> _Your instructions_
Copy nothing from the entries below except the lines from the one containing "Bathroom with double" through the one containing "Male hand in", and copy those exactly.

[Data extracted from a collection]
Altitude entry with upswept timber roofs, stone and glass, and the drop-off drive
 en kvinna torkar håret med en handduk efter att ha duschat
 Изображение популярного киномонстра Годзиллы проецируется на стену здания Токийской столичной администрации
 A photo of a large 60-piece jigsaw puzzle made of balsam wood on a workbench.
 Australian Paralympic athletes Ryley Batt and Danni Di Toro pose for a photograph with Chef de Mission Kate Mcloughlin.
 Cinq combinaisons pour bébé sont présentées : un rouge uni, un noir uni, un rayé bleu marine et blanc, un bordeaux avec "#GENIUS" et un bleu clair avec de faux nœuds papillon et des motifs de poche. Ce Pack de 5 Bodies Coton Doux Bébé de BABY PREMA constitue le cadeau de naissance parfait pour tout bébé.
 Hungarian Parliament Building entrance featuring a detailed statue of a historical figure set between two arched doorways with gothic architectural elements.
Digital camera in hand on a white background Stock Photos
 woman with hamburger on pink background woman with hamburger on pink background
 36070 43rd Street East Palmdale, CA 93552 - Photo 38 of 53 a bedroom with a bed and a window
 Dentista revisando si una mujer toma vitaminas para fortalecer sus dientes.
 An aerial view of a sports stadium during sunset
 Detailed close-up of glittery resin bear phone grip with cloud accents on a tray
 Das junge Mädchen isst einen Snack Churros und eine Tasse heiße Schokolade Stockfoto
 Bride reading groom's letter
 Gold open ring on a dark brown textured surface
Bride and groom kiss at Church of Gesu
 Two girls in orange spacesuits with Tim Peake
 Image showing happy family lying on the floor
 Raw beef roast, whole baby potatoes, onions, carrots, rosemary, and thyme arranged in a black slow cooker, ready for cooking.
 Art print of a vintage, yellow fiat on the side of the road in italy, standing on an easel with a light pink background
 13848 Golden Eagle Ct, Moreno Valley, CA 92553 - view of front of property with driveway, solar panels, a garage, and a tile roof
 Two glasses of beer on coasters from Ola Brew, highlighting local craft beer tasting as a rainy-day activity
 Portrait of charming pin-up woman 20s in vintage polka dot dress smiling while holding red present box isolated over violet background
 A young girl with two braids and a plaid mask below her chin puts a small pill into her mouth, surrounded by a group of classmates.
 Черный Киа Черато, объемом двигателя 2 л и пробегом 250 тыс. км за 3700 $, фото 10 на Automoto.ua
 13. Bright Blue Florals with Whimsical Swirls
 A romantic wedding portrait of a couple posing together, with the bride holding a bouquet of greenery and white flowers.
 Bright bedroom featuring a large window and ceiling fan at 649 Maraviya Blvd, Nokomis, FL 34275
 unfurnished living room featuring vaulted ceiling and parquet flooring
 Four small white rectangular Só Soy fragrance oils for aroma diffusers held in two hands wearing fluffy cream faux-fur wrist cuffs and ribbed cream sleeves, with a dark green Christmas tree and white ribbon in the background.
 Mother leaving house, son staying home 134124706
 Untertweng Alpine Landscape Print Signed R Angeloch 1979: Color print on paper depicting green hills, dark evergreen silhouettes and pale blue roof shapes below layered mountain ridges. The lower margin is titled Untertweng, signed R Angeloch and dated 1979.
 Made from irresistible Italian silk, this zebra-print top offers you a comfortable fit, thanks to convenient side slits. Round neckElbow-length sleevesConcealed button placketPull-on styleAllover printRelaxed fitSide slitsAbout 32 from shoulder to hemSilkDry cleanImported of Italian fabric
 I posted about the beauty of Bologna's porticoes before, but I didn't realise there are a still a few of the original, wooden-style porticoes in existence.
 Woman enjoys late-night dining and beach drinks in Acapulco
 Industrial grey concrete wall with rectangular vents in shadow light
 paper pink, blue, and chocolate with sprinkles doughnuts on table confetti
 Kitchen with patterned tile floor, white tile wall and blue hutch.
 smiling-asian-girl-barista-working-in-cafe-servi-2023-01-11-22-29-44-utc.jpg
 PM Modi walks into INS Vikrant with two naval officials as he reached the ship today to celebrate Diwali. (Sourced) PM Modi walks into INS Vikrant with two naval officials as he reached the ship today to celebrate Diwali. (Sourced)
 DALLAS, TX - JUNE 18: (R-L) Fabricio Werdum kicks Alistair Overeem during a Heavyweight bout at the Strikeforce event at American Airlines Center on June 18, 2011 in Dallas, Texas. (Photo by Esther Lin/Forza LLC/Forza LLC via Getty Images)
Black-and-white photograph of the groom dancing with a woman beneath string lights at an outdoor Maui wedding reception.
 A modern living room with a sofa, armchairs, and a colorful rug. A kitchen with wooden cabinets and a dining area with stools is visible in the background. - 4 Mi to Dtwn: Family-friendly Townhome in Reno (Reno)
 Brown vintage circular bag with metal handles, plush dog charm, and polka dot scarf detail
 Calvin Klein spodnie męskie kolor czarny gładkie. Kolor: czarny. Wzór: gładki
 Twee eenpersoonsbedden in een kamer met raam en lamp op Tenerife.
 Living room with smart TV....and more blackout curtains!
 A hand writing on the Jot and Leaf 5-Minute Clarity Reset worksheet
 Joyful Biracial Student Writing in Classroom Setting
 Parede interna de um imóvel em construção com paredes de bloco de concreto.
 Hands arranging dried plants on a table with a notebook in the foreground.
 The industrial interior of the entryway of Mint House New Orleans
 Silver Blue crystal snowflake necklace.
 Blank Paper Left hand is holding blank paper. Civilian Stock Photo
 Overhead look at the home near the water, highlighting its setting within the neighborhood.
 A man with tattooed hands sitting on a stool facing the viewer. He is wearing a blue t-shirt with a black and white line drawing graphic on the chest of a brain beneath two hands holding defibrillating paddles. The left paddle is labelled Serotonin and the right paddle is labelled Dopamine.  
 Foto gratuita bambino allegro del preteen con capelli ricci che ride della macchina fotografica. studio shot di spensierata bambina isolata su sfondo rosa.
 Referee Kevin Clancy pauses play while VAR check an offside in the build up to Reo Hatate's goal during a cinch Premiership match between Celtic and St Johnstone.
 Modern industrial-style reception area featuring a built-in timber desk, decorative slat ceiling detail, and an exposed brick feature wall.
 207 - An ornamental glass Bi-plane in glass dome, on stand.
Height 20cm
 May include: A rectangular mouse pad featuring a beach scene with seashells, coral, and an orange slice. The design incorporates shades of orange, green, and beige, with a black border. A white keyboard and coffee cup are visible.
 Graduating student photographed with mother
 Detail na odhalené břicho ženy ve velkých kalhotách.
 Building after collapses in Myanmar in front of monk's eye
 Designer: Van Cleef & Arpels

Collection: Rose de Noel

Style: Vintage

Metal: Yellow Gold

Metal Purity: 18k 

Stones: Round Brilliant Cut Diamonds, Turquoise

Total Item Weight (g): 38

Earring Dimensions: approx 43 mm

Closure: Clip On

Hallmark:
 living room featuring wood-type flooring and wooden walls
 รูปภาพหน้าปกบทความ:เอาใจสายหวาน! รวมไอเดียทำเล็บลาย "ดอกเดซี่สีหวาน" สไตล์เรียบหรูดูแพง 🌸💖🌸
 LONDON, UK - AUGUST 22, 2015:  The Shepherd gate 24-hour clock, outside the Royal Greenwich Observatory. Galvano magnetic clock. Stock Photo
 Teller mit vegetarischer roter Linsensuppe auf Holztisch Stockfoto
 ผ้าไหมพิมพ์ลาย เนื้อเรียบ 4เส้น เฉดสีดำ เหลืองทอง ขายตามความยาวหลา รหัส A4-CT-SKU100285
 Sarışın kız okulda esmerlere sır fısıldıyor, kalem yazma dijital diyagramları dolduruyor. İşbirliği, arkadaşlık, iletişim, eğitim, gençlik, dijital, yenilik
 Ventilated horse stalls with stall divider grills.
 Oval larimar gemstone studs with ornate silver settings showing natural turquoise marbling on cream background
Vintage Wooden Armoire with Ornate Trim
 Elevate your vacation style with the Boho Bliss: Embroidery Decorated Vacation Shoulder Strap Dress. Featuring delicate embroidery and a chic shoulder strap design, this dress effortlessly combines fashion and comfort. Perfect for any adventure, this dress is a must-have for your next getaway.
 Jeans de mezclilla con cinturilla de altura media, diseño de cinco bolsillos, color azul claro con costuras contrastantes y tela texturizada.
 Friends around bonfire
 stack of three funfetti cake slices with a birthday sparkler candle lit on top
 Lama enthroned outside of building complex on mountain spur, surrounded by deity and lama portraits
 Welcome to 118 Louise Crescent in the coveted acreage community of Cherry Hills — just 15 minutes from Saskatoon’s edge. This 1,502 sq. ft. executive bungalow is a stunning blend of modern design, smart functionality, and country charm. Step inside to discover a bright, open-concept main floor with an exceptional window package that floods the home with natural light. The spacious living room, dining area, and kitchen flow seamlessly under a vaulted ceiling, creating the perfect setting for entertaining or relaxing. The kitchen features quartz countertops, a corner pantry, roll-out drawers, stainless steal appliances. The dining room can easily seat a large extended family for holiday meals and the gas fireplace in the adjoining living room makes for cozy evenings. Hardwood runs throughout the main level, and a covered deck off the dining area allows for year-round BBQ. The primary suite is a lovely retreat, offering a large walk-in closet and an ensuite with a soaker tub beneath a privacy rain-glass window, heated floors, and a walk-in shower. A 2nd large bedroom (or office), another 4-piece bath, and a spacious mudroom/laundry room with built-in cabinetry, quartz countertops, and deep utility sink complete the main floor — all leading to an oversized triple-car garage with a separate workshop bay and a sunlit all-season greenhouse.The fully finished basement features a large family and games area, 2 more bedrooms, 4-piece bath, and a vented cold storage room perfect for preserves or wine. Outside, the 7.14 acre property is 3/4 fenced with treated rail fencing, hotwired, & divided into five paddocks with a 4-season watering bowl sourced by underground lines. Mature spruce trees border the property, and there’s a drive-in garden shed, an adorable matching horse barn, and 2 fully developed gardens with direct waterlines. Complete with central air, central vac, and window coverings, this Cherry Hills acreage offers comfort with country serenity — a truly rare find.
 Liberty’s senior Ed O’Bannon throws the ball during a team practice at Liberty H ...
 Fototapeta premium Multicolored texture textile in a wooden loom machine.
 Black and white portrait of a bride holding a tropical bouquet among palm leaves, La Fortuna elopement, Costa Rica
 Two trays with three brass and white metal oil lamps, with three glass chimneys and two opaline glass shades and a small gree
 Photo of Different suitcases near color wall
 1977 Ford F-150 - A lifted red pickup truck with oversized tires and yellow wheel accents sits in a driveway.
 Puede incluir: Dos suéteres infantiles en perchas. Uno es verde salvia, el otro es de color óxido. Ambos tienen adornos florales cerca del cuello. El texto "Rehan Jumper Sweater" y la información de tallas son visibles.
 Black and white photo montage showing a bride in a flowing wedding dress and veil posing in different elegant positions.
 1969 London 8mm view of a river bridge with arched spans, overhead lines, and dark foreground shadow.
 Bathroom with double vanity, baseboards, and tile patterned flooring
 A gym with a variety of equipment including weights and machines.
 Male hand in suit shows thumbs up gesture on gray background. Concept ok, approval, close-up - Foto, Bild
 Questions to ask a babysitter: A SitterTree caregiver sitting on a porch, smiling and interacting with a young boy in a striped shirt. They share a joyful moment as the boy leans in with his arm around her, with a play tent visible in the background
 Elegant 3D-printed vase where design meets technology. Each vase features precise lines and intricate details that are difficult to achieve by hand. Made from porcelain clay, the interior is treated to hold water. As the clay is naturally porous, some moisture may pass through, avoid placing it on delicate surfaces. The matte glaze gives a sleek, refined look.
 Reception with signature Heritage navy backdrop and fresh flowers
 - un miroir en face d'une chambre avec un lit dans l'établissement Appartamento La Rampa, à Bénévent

> _Solution for this exercise_
 Bathroom with double vanity, baseboards, and tile patterned flooring
 A gym with a variety of equipment including weights and machines.
 Male hand in suit shows thumbs up gesture on gray background. Concept ok, approval, close-up - Foto, Bild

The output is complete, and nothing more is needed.